In contrast, women who started hormone therapy shortly before joining the study gained no benefit, Breitner and his colleagues reported in 2002. In fact, these women had more than twice the risk of developing Alzheimer’s as did women who hadn’t received hormones. That’s consistent with data from WHIMS, Breitner points out.
He estimates that the benefits of estrogen as a dementia preventive peter out about a decade before Alzheimer’s is detectable, and hormone therapy thereafter increases the risk. “What is protective earlier in life may become a risk factor as the disease process, still silent but ongoing, progresses [toward] dementia,” Breitner says.
Nonsteroidal anti-inflammatory drugs, or NSAIDs, offer a parallel case study. In the early 1990s, epidemiologists noticed that people who for various reasons had for several years regularly used these common medications—which include aspirin, ibuprofen, naproxen, and similar drugs—were about half as likely as nonusers to develop Alzheimer’s.
However, when doctors gave NSAIDs to people with mild or moderate Alzheimer’s, benefits were elusive. Two major trials published in the past year found no evidence that the drugs slow, let alone stop, progression of the disease.
In one of the studies, scientists at Merck Research Laboratories in Blue Bell, Pa., gave a daily pill of the drug rofecoxib (Vioxx), a Merck-patented NSAID prescribed for arthritis, or an inert pill to 692 people over age 50 who had early Alzheimer’s disease. The groups showed no difference in mental decline during the yearlong study, Christopher Lines and his colleagues reported in the Jan. 13 Neurology.
The finding echoed that reported by Paul S. Aisen of Georgetown University Medical Center in Washington, D.C., and his colleagues in the June 4, 2003 Journal of the American Medical Association. After studying volunteers with mild-to-moderate symptoms of Alzheimer’s disease for a year, the researchers determined that neither daily rofecoxib nor twice-daily naproxen (Aleve) produced significant benefits over an inert pill.

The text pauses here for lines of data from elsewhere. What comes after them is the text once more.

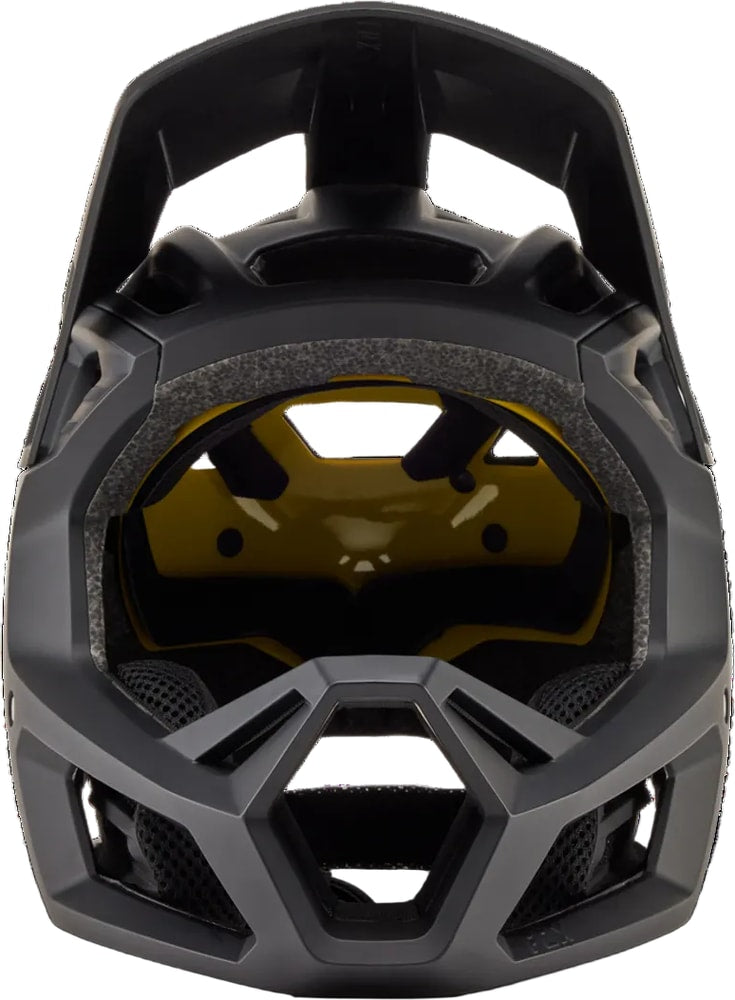 Fox Proframe MIPS Full Face Helmet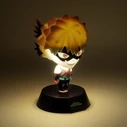 Διακοσμητικό Φωτιστικό Paladone MY HERO ACADEMIA - KATSUKI BAKUGO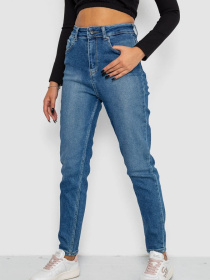 Зауженные джинсы Ager модель У-1130921::000000084 Фото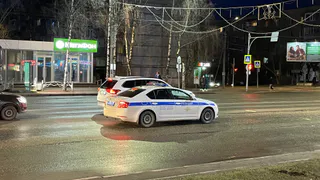 Водителям старше 70 лет полностью запретят садиться за руль - ужесточение правил ГАИ с 7 октября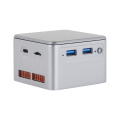 Intel N5105 Four network port mini router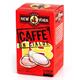 Caffé New York Pods 18 Stk.
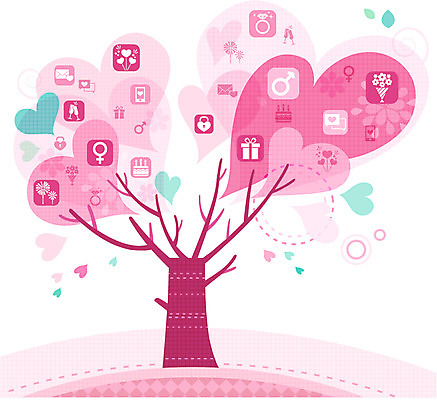 나무 식물 기호 디자인 꽃다발 백그라운드 잎 일러스트 나뭇잎 자물쇠 폭죽 선물 사랑 사람없음 그래픽 선물상자 픽토그램 케이크 나뭇가지 하트 반지 편지 심볼 분석 오브젝트 성별 남자기호 복잡 여자기호 국내일러스트 AI파일 모양 문자 꽃 감정 컨셉 장신구 디저트 상자 성별기호 파일형식 벡터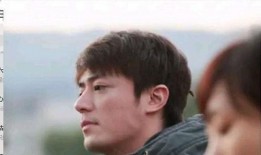 明星夫妇吃瓜视频大全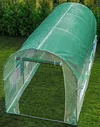 купить Парник FunFit 4x2,5x2m (1466) в Кишинёве 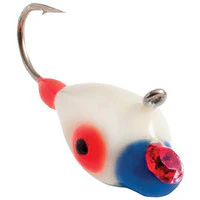 Clam Epoxy Drop - Image 4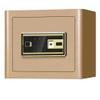 SWENEEN Digital Home Safe with Alarm, 30 mm Steel Bolts and Keypad view 1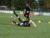 Tweede edite ESC/Goalstars keepersdag wederom een succes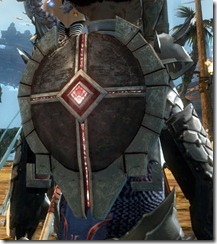gw2-dark-asuran-shield-2 gw2-dark-asuran-shield-2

“This is a disease that probably unfolds over a period of many years,” says Breitner. “By the time people have mild cognitive impairment, it may be too late.
You’ve got tremendous destruction of [areas of] the brain that these drugs have no capacity to alter.”
NSAIDs may nevertheless protect brain cells during the extended run-up to Alzheimer’s, Breitner says. Calculations based on his data suggest that the opportunity for prevention ends about 2 years before onset of full-blown Alzheimer’s symptoms, he says.
Working with other researchers, Breitner recently embarked on a trial of NSAIDs as preventive medicine. So far, more than 2,200 people who have relatives with Alzheimer’s have enrolled, but the study will probably need to run 7 to 10 years before its data can show whether the drugs prevent the disease.
Says Breitner: “These kinds of [extended] trials are the only way that we can know whether these drugs really do what people think they do.”